Amapolas en octubre

AUTHOR: Laura Riñón Sirera
PUBLISHER: Editorial Planeta
GENRE: Contemporary Novel
READER’S NAME: Michael Mahler
DATE: June 16, 2020

Amapolas en Octubre by its title and cover illustration would seem like a lighthearted novel to read on a weekend at the beach but as one enters this book it becomes a rich story of imagination and reality, love and mystery and a woman’s self realization. It also will require a reconsideration of the title and illustration.

Carolina is the main protagonist of these pages, though not the only narrator.  The narration is shared by others, family, an employee and an all seeing 3rd person.  Her parents, Paul and Barbara, an adventurous literary couple, Paul an English writer, and Barbara a literary translator have raised their children in a world of books and imagination.
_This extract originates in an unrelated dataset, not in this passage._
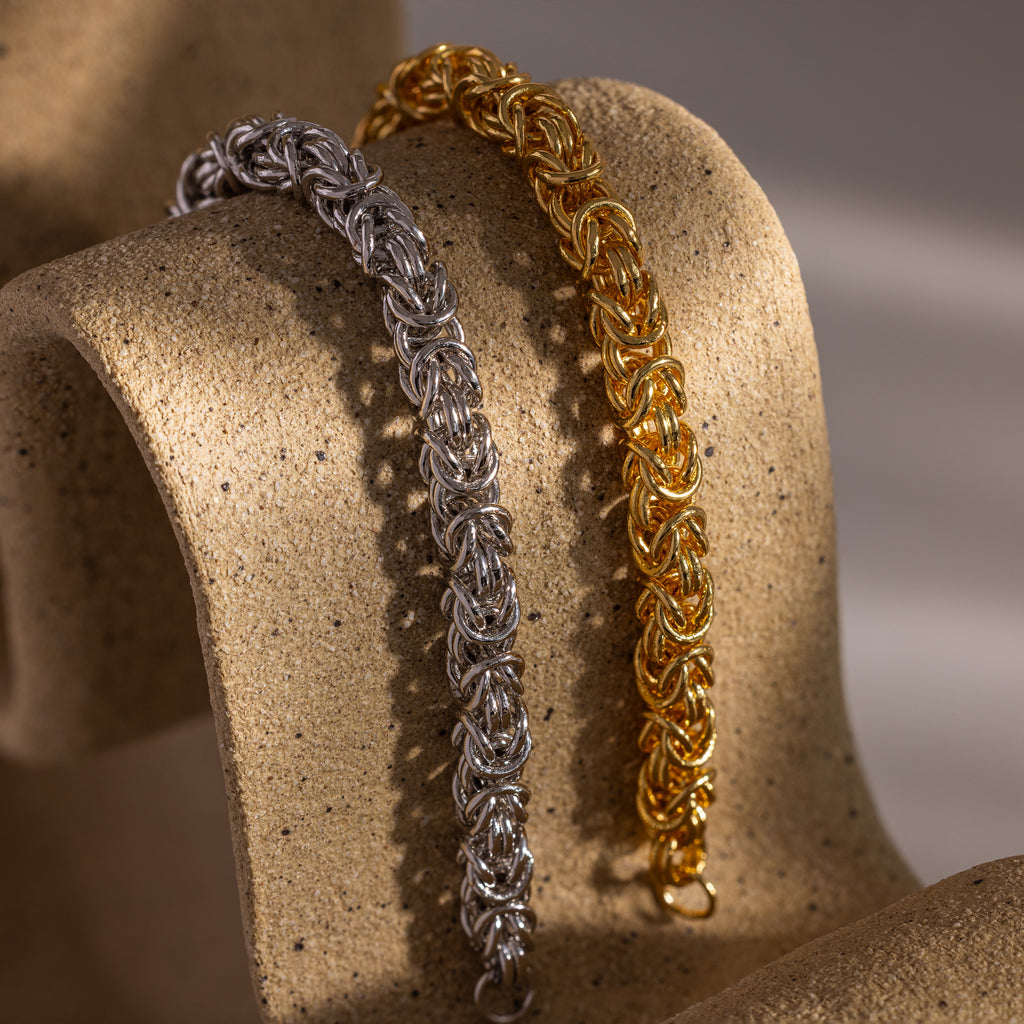 The Bold Byzantine Bracelet, featuring intricate woven links and a quiet luxury style, is displayed on a textured beige surface.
Paul is now lost at sea, and Barbara, now lies trapped inside her body in a hospital where Carolina tries to break through to her mother via what she knows best, books and memories. These same memories are also painful.  Alas, such is life.

Carolina, is the owner of a book store named JO after the Jo of Little Women.  Over these 30 chapters she shares the pages with many fascinating characters, real and imagined, as well as passages and references from the works of Louise May Alcott to Shakespeare and Cervantes, Dickens to Hemingway.  Throughout the novel there are many literary cameos that delight one with surprise, the biggest being the realization that the title itself is from another’s work of art.

This is a unique and exuberant tale, of family, and friends written in an elegant prose. As one moves from chapter to chapter one is already anticipating the pleasure of what is coming. As Carolina reads to her mother, she is on a path to her own discovery. And that make us think of our own connections and the confluence of our imagination and reality. We, like Carolina, play roles acquired from the books we read, the works of art we see, the persons in our lives, from our parents to the men and women we encounter, love and lose along the way.

This reader believes that this lovely work is important and worth introducing to the U.S. market. It is truly a universal work, reaching across cultures.